On top of mind-boggling technological progress, we’re also living in the most peaceful age in all of recorded history. This seems counter-intuitive, I know. We’re constantly hearing about violent crimes on the news, and we still have troops in the Middle East. That’s still better, in fact greatly better, than the preceding eight thousand years. The War in Afghanistan is not a cakewalk, but in any prior century conflicts like these would happen every two or three weeks. You could scarcely catch your breath from getting mugged by a street leper before you’d have to mobilize against the Prussians or bury your fifth husband from a Viking raid.

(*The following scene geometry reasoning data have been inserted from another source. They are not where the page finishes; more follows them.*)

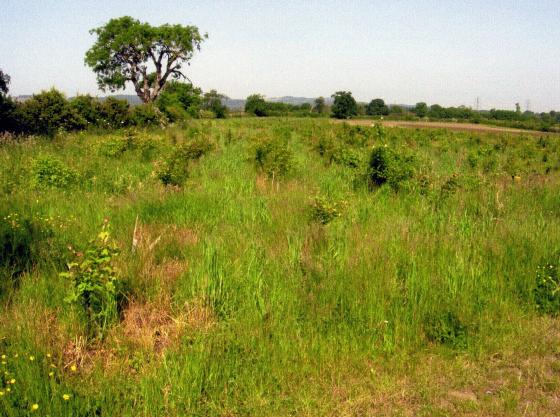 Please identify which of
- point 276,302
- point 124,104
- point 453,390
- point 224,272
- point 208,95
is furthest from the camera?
point 208,95

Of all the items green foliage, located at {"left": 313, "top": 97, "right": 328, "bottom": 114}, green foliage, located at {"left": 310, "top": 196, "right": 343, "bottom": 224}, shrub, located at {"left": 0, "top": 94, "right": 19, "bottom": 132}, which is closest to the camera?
green foliage, located at {"left": 310, "top": 196, "right": 343, "bottom": 224}

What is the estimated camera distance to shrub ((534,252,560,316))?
4715 mm

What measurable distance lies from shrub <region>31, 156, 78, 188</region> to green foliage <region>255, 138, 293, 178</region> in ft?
14.5

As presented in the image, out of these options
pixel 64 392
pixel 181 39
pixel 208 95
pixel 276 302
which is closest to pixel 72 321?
pixel 64 392

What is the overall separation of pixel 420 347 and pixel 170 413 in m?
2.27

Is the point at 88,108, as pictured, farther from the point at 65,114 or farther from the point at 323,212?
the point at 323,212

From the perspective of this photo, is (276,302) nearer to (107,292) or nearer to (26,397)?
(107,292)

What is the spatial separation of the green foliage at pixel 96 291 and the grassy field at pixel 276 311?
2 centimetres

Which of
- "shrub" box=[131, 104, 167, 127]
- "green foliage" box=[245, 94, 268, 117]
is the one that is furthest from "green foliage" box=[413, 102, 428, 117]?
"shrub" box=[131, 104, 167, 127]

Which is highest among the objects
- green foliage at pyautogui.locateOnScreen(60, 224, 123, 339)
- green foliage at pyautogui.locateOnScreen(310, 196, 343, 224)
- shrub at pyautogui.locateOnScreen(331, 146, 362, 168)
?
shrub at pyautogui.locateOnScreen(331, 146, 362, 168)

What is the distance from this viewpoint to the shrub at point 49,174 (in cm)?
877

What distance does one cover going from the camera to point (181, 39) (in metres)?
47.0

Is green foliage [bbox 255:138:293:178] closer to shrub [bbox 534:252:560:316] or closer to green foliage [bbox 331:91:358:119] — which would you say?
shrub [bbox 534:252:560:316]

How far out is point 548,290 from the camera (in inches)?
191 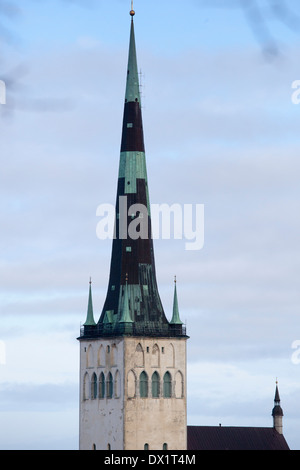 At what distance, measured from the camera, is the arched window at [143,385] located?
554ft

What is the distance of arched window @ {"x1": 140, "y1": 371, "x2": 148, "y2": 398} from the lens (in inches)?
6649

This goes for pre-history, too. It’s something of a popular misconception that hunter-gatherer life is wholly peaceful and involves nothing but killing gazelles and hanging out in drum circles. That’s San Francisco. From what we know through anthropological surveys in Papa Newe Guinea, hunter-gatherer life also involves a lot of knife fights and blood vengeance and entire clans of dudes getting murdered before they can collect their social security gazelle meat pension fund (SSGMPF). For a more detailed analysis, read Steven Pinker’s The Better Angels of Our Nature: The Decline of Violence in History and its Clauses.

Let’s consider just some of the awesome benefits of the twenty-first century:

  • Highest literacy rate in the history of mankind

  • Lowest prevalence of unpleasant, stinky gingivitis

  • Most actual wealth, per person, ever

  • Greater rights for women (some countries are even experimenting with equal rights)

  • Air conditioning

  • Lowest global infant mortality rate, ever

  • WE CAN FLY

  • We no longer set witches on fire as standard agricultural policy

  • All-time longest lifespans (average global lifespan expectancy was in the 31 as of 1912)

  • Ability to communicate instantaneously to people on other side of planet if you do not use AT&T as your network

  • Polio vaccines

  • Birth control pills

  • Battlestar Gallactica

Then why does everybody act like the world is on a rickety roller coaster plunging towards doom? Two reasons: journalists and “change.”

News doesn’t exist to inform you, it exists to sell advertising. Blood works better than hope and sunshine in this regard. Twenty-four hour global news outlets guarantee a steady supply of panic mongering and doom, not accurate or big picture appraisal.

The other thing to remember is that people do not particularly like it when life changes, and life changes, which irritates them. The world is changing a lot right now, and except for the recession, is generally improving. But that involves everybody learning new stuff and thinking differently, which pisses off most people over the age of forty.

Don’t buy into that nonsense. This is the best time in human history, and it’s only going to get better.